One way of becoming happier and more resilient is to practice gratitude. We often overlook the positive in our lives and take these things for granted. And when looking for the positive, see if you can avoid just focusing on looking forward to the weekend! We spend most of our waking lives in work – let’s not wish our lives away!
1. Make a point to actually read/ listen to the positive feedback you receive. This might take the form of a work appraisal, or a throwaway comment from your manager. Remember that the positive is just as important as the negative – if not more-so. If you manage staff then notice the effect that giving praise can have on the people you work with. Something as simple as a ‘thank you’ can make a huge difference. And it is amazing how often we forget to do it!

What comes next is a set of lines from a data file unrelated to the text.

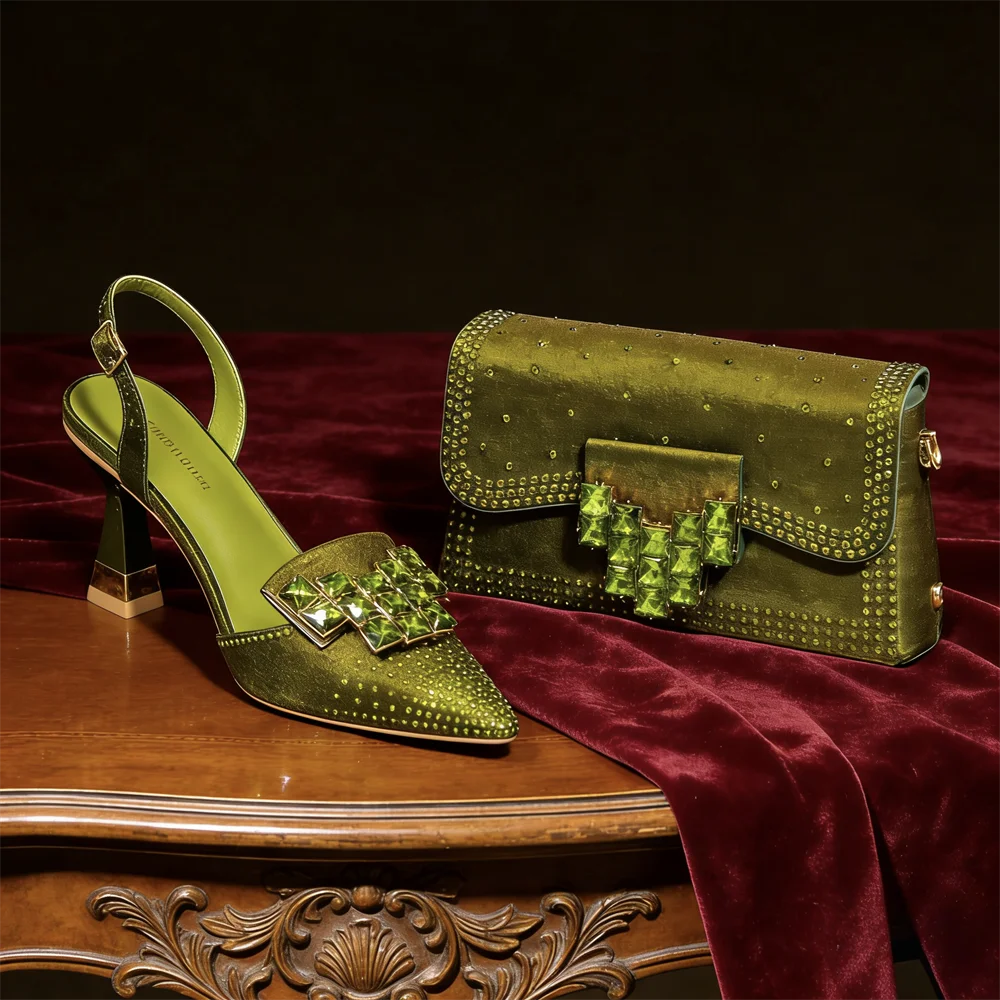 Italy Elegant Rhinestone Pointed Toe High Heels & Matching Bag Set - Perfect for Women's
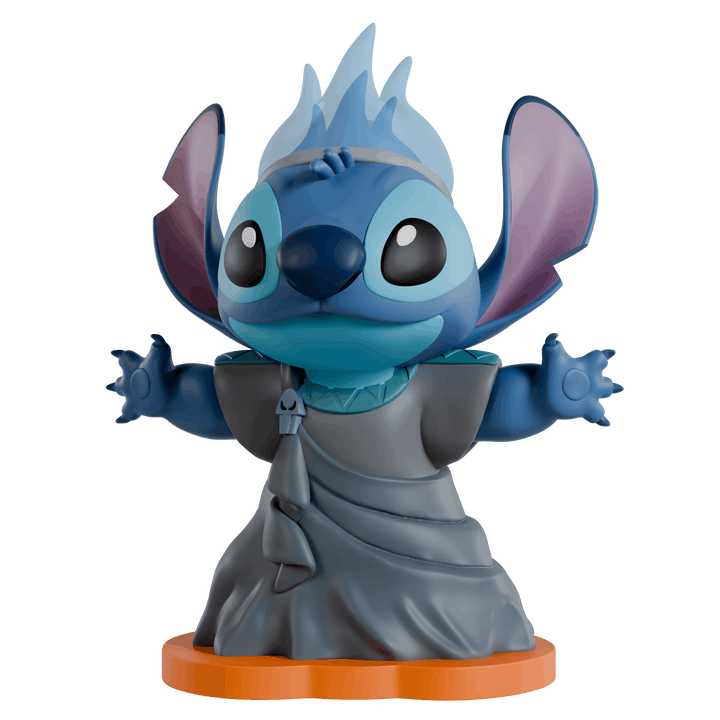 A collectible vinyl figure of Stitch dressed as hades, standing on an orange circular base against a plain white background.
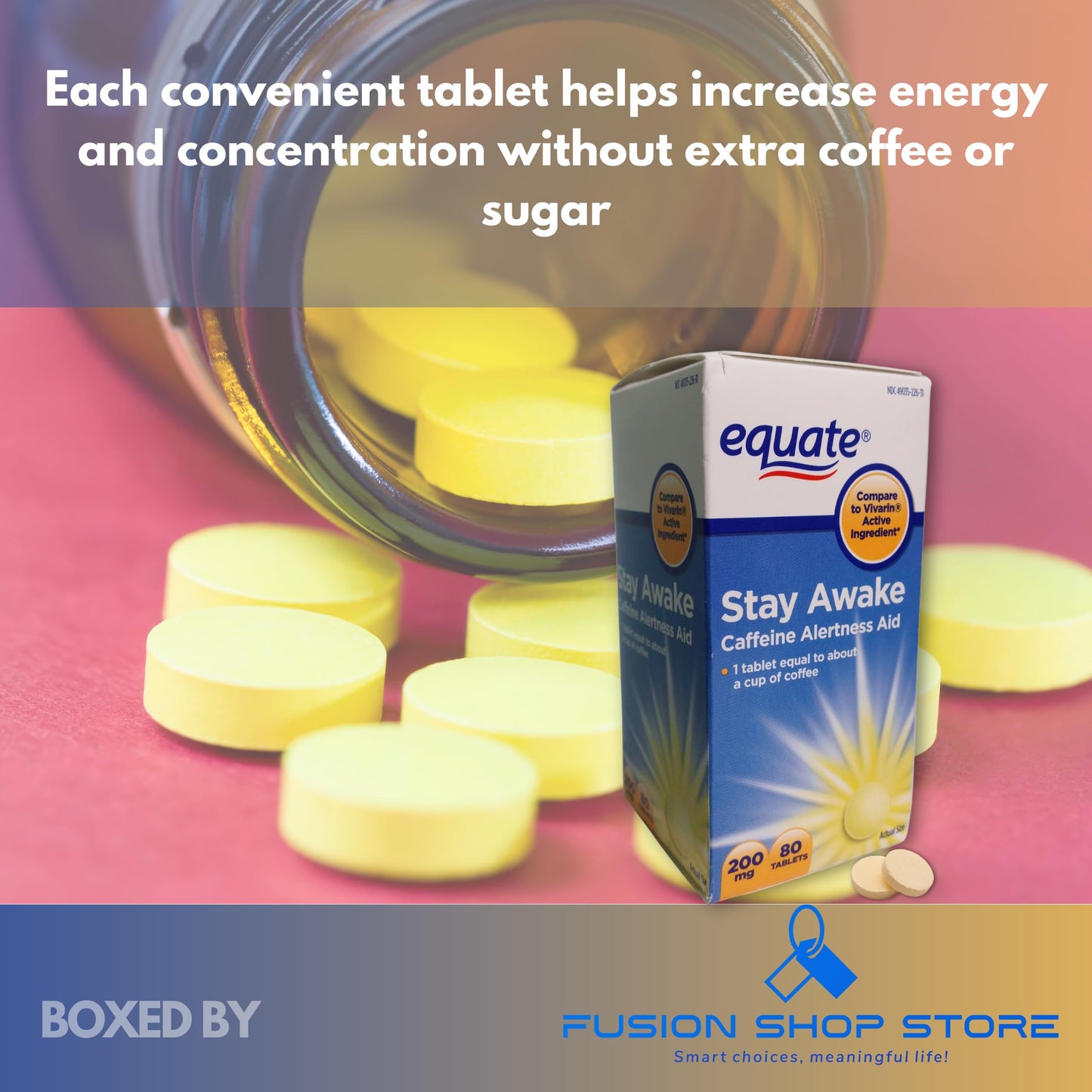 Fusion Shop Store Caffeine Stay Awake 200mg 80 Tablets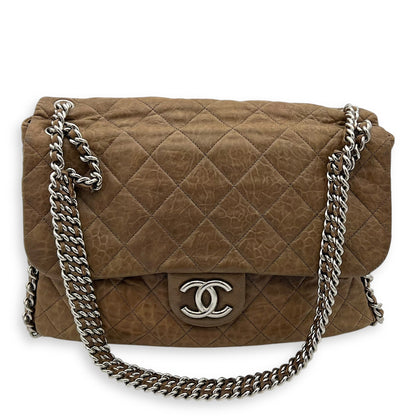 CC Shoulder Bag Brown in Calfskin, Silver hardware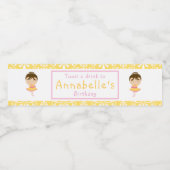 キュートブルネットバレリーナバースデーパーティー ペットボトルラベル (シングルラベル)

2. Notice the tendency to moan to your colleagues at work. It can be very tempting to get sucked into negativity but this can have an effect. Perhaps make a practice of sharing positives with your colleagues. This doesn’t mean being a ‘Pollyanna’ but means allowing some positivity to spread.
3. Taking work home with us is unfortunately inevitable. This is not just in the literal work that many of us do from home, it is also in our attitudes and thoughts. This can often have an effect on our sleeping and our relationships with loved ones. Why not make it a practice to tell your partner or house-mates about one positive thing that has happened that day – and listen while your partner or house-mate tells us a pleasant story about their day.
Practising gratitude and appreciation doesn’t mean glossing over things that are going wrong in our workplaces. It simply helps us to put things in perspective. And if something needs to change, perhaps it can give us the courage to speak up and make a change.